Darkly Labs Community

E1 Base & Clamping System

I cut out this base c/w clamping system on the Emblaser using 5 layers of 2.3 mm MDF (using proper ventilation - have made an enclosure of black corrugated plastic with an exhaust fan - as the enclosure is of corrugated plastic and it just sits atop around the emblazer which makes it easier if I want to change the current settings, clean the emblaser etc.)

Now since I have used 6 layers of 2.3mm MDF have lost about 14mm of the working height of the emblaser; but as I mostly cut paper, acrylic (2-3mm) and ply (5mm max), it doesn’t matter much to me.

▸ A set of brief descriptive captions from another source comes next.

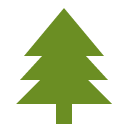 Illustration of a green pine tree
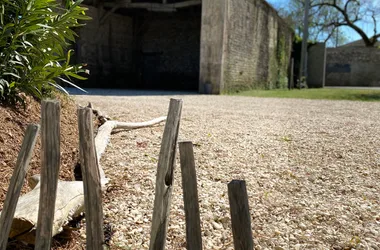 Sérénity, entre Terre et Océan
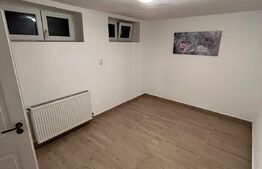 Apartament cu o camera, 24 mp, renovat, demisol,  Zona Sangeorgiu de Mures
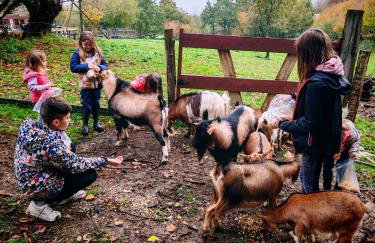 Le Gite du Ranch Normand - Photo 33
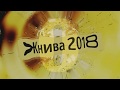 Жнива 2018р. (с. Золота Слобода)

The base is screwed onto a 10mm MDF base on which the emblaser sits. I am considering using acrylic spacers (the same shape as the emblaser leg cross section) between the emblaser legs and the 10mm MDF to regain the height that I have lost above; but will do so at a later date.

Using M4 bolts with washers & wing nuts and a soft steel plate (1.25mm thick) I can clamp the material onto the base.

Sometimes instead of the soft metal plate, I use SS rulers across the lengths/widths to hold the material down throughout the surface.


Below is a representation of how the clamp fits inside the slots.

The Aluminum Honeycomb Grid was purchased from Ebay and painted matte black


Under the Aluminum Grid, I have used a 2.3mm MDF board on which have glued a 0.4mm Aluminum Sheet (Painted matte black) for safety and also to get the grid as the same level as the clamping base:

This above system seems to be working fine for me for last 1-2 months.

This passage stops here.